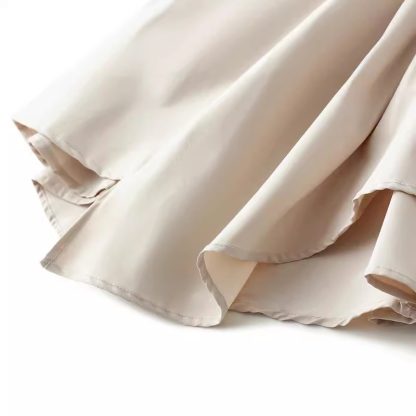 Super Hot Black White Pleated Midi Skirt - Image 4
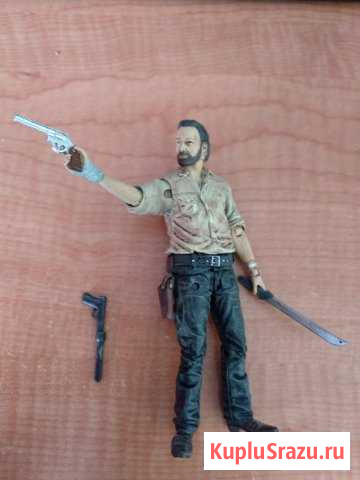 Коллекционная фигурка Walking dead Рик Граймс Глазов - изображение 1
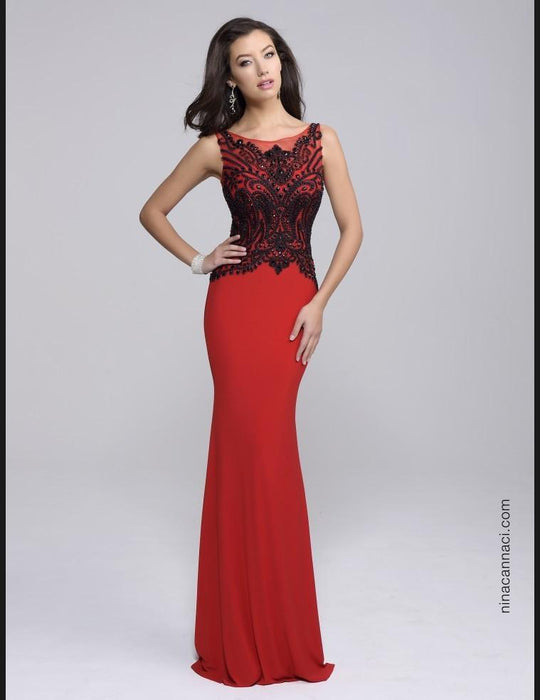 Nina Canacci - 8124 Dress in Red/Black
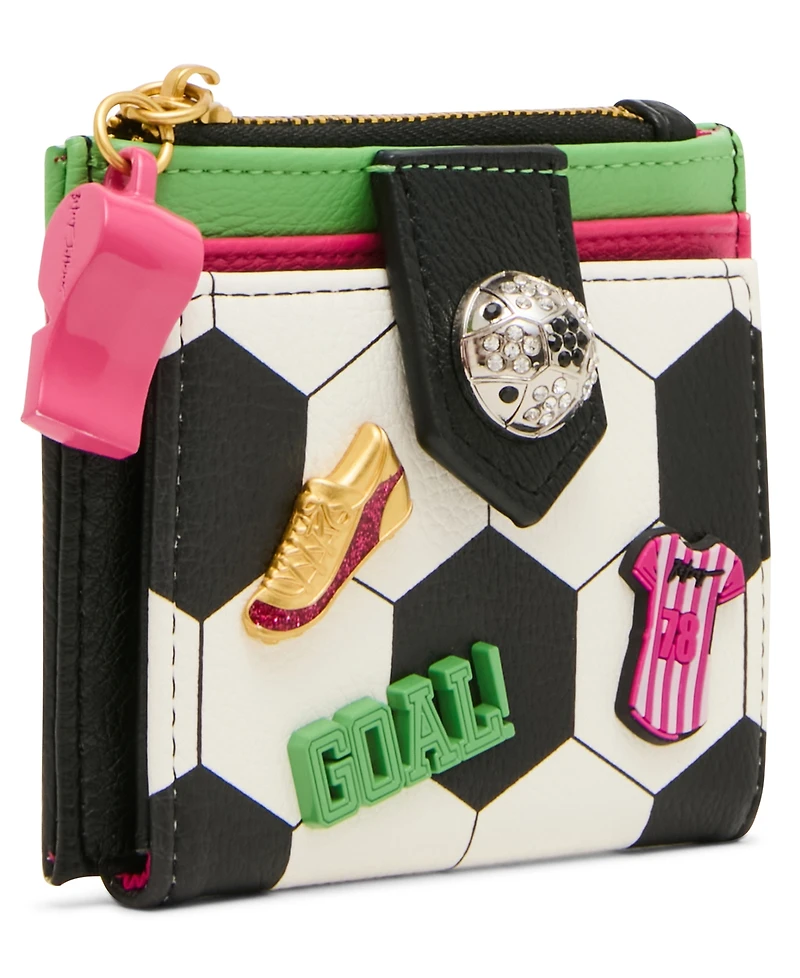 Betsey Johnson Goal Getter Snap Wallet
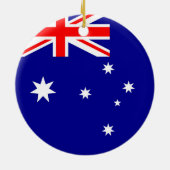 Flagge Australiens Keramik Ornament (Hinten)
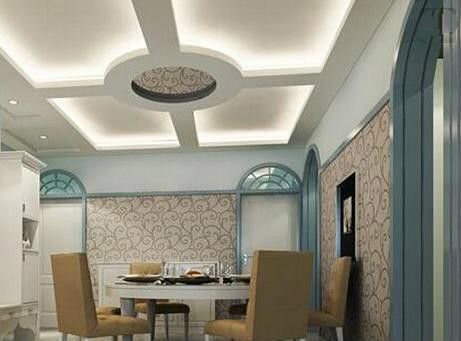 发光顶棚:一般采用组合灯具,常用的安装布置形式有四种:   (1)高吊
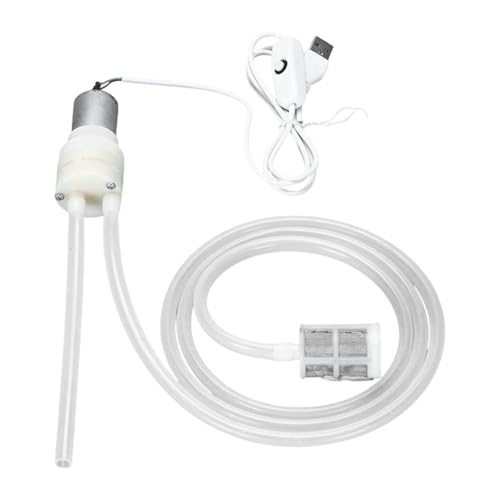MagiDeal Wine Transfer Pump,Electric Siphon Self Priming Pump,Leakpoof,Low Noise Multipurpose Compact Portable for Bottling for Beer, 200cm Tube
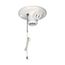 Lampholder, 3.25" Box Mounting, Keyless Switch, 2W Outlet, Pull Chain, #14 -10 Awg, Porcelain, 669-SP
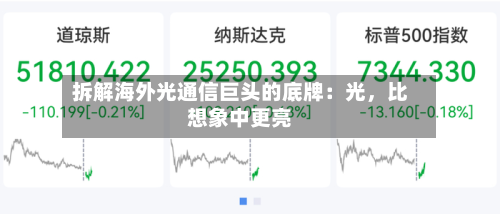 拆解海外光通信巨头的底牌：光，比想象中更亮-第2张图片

============================================================

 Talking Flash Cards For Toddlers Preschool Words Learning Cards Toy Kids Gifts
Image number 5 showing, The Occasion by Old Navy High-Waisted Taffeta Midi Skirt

============================================================

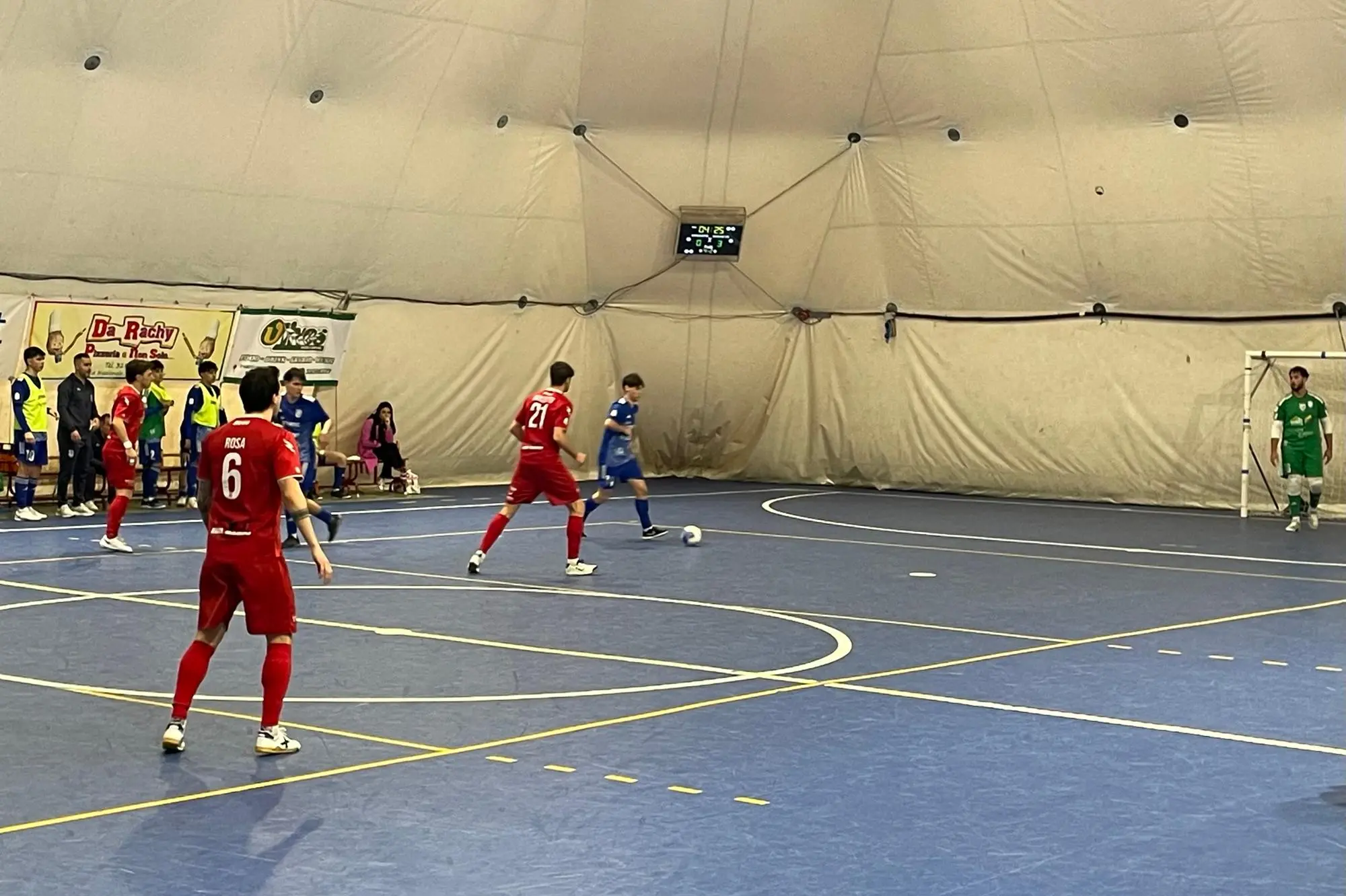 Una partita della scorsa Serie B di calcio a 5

============================================================

• **Task statement**
Would you please reproduce the entries above, starting at the line with "Nina Canacci - 8124 Dress in Red/Black" and stopping after the line with "拆解海外光通信巨头的底牌：光，比想象中更亮-第2张图片"? Omit any pictures.

• **Task output**
 Nina Canacci - 8124 Dress in Red/Black
 Betsey Johnson Goal Getter Snap Wallet
 Flagge Australiens Keramik Ornament (Hinten)
 发光顶棚:一般采用组合灯具,常用的安装布置形式有四种:   (1)高吊
MagiDeal Wine Transfer Pump,Electric Siphon Self Priming Pump,Leakpoof,Low Noise Multipurpose Compact Portable for Bottling for Beer, 200cm Tube
 Lampholder, 3.25" Box Mounting, Keyless Switch, 2W Outlet, Pull Chain, #14 -10 Awg, Porcelain, 669-SP
 拆解海外光通信巨头的底牌：光，比想象中更亮-第2张图片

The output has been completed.